9.07.2012

Old people.

I wonder if one reason why old people were treated with so much more respect in earlier times is because technology and culture changed and evolved so slowly that by the time you had become a geezer, you had experienced most all there was to experience in life. Plus, since it was so much easier to die before modern medicine, the difficulty of making it to old age, weeded out the foolish along with the unlucky.

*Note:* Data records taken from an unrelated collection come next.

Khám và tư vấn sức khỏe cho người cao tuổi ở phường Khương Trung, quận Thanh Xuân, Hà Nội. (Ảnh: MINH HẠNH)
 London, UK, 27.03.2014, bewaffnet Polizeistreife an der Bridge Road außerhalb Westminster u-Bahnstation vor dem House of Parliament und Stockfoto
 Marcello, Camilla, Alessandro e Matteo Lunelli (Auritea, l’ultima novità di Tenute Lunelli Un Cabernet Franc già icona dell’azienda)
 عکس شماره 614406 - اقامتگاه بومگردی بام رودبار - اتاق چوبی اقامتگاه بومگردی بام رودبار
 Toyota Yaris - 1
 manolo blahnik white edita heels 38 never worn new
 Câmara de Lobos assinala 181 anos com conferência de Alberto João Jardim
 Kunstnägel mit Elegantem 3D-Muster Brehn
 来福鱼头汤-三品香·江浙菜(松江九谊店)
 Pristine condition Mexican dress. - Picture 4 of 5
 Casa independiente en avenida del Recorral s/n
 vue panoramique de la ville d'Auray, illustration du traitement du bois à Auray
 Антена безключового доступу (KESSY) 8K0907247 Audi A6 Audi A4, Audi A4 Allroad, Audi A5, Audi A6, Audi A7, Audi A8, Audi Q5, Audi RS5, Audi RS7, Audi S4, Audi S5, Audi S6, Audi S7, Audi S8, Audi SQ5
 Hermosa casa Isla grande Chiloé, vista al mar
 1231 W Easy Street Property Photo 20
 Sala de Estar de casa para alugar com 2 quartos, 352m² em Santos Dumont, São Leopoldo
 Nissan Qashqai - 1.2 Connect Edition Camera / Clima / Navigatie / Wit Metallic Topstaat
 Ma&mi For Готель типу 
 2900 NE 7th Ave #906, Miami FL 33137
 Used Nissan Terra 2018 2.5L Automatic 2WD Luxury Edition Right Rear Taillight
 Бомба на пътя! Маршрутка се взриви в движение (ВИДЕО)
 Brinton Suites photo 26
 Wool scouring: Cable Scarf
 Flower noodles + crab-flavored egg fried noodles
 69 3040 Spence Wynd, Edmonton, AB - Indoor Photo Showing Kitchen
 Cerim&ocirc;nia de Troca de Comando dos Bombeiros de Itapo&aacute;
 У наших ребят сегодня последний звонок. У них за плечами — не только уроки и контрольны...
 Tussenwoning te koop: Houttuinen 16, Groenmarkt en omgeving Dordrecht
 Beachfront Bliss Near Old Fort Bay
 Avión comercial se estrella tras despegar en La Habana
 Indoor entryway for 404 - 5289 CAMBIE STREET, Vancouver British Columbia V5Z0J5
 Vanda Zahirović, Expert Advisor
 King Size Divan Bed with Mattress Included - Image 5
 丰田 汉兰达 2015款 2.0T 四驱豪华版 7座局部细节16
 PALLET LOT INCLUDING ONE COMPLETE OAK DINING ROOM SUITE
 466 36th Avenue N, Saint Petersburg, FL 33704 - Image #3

By the time you had a long wizard beard you would wellspring of knowledge and wisdom about living in the world.
Whereas today, the opposite is almost true. The way we live our lives and interact with the world changes so rapidly that by the time one becomes an old person, the world is almost an entirely different place than the one they were born and came of age in. Eventually, one is almost like a child, knowing close to nothing about the basic tools people use every day. Calling someone a 'grandma' or a 'grandpa' means they don't understand something that is entirely familiar to most everyone else.
Of course there are caveats and exceptions and one certainly does gain wisdom with age, they just lose relevance.
Which is unfortunate. Some part of me enjoys the idea of there being a segment of society that has already experienced all there is to experience and thus being a source of wisdom.

Perhaps eventually, when we've figured out everything there is to figure out, societal changes will plateau and we will go back to our former attitude towards old age. Although by then people will probably be living forever. If not physically than in some sort of of computer database.